0

The title almost says it already. I have a pyspark.sql.dataframe.Dataframe with a "ID", "TIMESTAMP", "CONSUMPTION" and "TEMPERATURE" column. I need the "TIMESTAMP" column to be resampled to daily intervals (from 15min intervals) and the "CONSUMPTION" and "TEMPERATURE" column aggregated by summation. However, this needs to be performed for each unique id in the "ID" column. How do I do this?

Efficiency/speed is of importance to me. I have a huge dataframe to start with, which is why I would like to avoid .toPandas() and for loops.

Any help would be greatly appreciated!

The following code will build a spark_df to play around with. The input_spark_df represents the input spark dataframe, the disred output is like desired_outcome_spark_df.

import pandas as pd
import numpy as np
from pyspark.sql import SparkSession

df_list = []
for unique_id in ['012', '345', '678']:
    date_range = pd.date_range(pd.Timestamp('2022-12-28 00:00'), pd.Timestamp('2022-12-30 23:00'),freq = 'H')
    df = pd.DataFrame()
    df['TIMESTAMP'] = date_range
    df['ID'] = unique_id
    df['TEMPERATURE'] = np.random.randint(1, 10, df.shape[0])
    df['CONSUMPTION'] = np.random.randint(1, 10, df.shape[0])
    df = df[['ID', 'TIMESTAMP', 'TEMPERATURE', 'CONSUMPTION']]
    df_list.append(df)
pandas_df = pd.concat(df_list)

spark = SparkSession.builder.getOrCreate()
input_spark_df = spark.createDataFrame(pandas_df)
desired_outcome_spark_df = spark.createDataFrame(pandas_df.set_index('TIMESTAMP').groupby('ID').resample('1d').sum().reset_index())

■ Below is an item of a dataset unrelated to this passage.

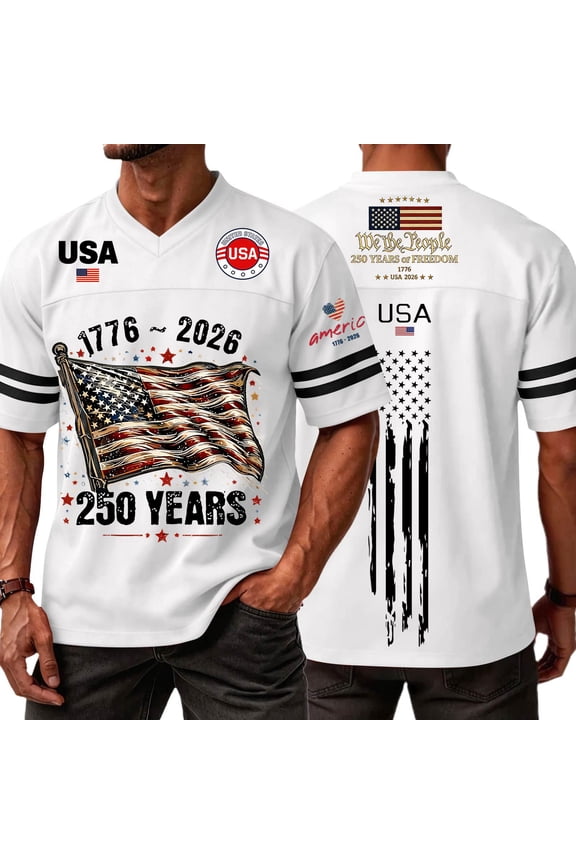 250th Anniversary Usa Graphic Tees Men Short Sleeve Crew Neck United States 250th Anniversary Shirts Usa Flag Red White Blue Vintage Patriotic Shirt White XL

To condense the question thus: how do I go from input_spark_df to desired_outcome_spark_df as efficient as possible?

  • 1
    you can create a new column with just the datepart of the timestamp and group on that new column – samkart Dec 28 '22 at 12:53
  • @Silverwilly Can you add sample data? Also do you need the aggregation per day along with id or just id? – Ronak Jain Dec 28 '22 at 13:35
  • @RonakJain I added some sample data that looks like my data. I added a desired output also. – Silverwilly Dec 28 '22 at 15:18
  • @samkart This dataframe will contain duplicated in the TIMESTAMP column which is the problem I would like to avoid. – Silverwilly Dec 28 '22 at 15:18
  • your resulting df won't have duplicates as you're going to apply a grouping and sum the required fields – samkart Dec 28 '22 at 15:22
  • @samkart When I do something like input_spark_df.groupBy("ID").resample('1d', 'TIMESTAMP').sum() I get an error: "AttributeError: 'GroupedData' object has no attribute 'resample'" – Silverwilly Dec 28 '22 at 15:43

1 Answers1

0

I found the answer to my own question. I first change the timestamp to "date only" using pyspark.sql.functions.to_date. Then I groupby both "ID" and "TIMESTAMP" and perfrom the aggregation.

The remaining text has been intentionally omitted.